Nitrogen+Syngas 385 Sept-Oct 2023
30 September 2023
Ammonia Safety Symposium
CONFERENCE REPORT
Ammonia Safety Symposium
Venkat Pattabathula, a member of the AIChE Ammonia Safety Committee, reports on the American Institute of Chemical Engineers’ Safety in Ammonia Plants and Related Facilities Symposium, held in Munich, Germany, from 20-24 August 2023.
The Ammonia Safety Committee is dedicated to improving the safety of plants that manufacture ammonia and related chemicals, such as urea, nitric acid, ammonium nitrate, and methanol. The conference’s objective is to improve the safety performance of the ammonia industry. This is achieved by sharing information on incidents, safety practices, and technology improvements in presentations and open discussions.
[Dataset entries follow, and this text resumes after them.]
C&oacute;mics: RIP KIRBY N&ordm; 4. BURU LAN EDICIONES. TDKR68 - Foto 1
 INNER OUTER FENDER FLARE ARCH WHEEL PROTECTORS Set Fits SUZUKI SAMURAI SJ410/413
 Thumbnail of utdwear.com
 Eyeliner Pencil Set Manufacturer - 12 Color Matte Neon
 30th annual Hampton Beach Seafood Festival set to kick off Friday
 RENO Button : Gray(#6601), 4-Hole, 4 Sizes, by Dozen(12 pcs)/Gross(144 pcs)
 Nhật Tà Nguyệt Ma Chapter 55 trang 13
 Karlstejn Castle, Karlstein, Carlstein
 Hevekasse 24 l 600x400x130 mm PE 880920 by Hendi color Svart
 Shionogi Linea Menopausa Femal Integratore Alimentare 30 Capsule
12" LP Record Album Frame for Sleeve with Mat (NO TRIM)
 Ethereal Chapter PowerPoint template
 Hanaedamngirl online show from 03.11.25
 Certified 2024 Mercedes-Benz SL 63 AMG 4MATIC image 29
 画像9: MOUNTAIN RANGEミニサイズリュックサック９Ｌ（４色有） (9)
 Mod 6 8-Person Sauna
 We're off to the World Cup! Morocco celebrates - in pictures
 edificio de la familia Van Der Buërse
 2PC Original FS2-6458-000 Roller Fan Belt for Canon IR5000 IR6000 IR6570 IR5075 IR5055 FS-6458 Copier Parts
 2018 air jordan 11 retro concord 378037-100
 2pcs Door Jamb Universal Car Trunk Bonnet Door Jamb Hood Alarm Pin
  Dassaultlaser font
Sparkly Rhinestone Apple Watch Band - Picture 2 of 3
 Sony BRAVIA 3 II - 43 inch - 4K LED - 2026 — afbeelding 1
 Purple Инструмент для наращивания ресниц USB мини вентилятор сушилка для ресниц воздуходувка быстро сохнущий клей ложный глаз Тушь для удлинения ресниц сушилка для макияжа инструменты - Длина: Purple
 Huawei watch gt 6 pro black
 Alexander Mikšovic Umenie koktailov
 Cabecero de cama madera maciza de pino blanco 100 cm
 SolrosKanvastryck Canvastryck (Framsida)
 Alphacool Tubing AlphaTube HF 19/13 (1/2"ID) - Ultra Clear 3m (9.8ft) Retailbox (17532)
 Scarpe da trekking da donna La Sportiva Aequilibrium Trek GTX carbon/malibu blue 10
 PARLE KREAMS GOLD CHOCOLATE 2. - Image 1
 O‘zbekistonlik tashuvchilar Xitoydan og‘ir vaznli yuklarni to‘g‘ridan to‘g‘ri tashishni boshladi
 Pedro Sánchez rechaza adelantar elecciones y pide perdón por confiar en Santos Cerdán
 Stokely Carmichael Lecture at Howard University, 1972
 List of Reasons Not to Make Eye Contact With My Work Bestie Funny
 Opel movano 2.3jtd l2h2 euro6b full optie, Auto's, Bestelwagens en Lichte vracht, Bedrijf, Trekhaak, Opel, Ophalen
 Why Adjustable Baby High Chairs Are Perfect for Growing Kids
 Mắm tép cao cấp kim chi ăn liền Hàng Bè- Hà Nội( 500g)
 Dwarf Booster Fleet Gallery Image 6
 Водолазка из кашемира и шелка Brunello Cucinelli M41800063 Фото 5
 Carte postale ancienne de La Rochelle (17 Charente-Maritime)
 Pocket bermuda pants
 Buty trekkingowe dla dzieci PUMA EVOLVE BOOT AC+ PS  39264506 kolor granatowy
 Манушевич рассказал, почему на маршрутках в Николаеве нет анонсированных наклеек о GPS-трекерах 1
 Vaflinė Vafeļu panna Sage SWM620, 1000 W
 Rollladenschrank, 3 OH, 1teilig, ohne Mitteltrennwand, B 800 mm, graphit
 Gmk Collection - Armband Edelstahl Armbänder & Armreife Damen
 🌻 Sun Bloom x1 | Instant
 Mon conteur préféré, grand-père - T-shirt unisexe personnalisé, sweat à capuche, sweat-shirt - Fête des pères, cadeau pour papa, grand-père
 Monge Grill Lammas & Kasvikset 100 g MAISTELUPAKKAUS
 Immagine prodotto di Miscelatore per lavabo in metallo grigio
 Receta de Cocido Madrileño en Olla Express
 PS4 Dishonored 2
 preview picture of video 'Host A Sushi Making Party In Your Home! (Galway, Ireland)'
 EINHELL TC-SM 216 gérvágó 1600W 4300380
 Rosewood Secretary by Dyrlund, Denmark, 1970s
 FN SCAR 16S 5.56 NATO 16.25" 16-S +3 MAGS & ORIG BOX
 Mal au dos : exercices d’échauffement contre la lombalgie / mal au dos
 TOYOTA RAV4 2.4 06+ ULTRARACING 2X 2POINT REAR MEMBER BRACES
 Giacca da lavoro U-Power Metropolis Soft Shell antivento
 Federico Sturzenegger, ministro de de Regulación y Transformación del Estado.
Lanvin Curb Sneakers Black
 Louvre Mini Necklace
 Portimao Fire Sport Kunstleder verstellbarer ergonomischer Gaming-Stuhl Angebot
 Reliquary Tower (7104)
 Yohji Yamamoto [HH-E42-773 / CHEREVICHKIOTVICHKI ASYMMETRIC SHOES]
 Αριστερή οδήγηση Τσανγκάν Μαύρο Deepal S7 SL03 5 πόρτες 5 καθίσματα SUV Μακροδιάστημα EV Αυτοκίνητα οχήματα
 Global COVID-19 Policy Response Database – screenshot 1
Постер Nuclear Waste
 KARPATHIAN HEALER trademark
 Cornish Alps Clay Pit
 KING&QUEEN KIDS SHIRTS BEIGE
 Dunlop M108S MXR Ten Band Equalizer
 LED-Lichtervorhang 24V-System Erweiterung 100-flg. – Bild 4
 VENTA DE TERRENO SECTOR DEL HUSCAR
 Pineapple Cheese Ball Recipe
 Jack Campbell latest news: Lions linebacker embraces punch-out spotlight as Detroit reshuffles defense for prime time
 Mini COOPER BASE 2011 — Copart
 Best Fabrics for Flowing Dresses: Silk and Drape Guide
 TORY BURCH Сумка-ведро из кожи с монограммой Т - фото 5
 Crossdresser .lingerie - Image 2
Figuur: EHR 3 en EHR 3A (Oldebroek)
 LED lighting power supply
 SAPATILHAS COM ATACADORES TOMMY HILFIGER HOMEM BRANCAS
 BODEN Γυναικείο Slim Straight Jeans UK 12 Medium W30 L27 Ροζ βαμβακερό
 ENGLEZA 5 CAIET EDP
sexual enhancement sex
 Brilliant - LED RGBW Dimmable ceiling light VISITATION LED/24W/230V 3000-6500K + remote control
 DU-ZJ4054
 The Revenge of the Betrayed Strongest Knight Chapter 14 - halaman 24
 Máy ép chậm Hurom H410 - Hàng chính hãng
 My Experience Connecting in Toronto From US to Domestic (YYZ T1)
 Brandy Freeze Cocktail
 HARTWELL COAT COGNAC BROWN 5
From 20-24th August 2023, 360 engineers from more than 30 countries and 100 companies attended the AIChE’s 67th Annual Ammonia Safety Symposium at The Westin Grand Hotel in Munich. Attendees who participated in the Symposium included plant managers, production managers, safety managers, process/reliability engineers, and everyone responsible for the safety and performance of ammonia plants or handling facilities, to hear worldwide experts discuss the latest advances in safe production and use of ammonia, case studies, and lessons learned at these symposiums.
Zero accident vision
This year’s keynote speech; Zero Accident Vision – What would it take? was presented by Volker Andresen, Sustainability Director of the International Fertiliser Association (IFA). Volker started his speech with a universal truth: “nobody wants to get hurt.”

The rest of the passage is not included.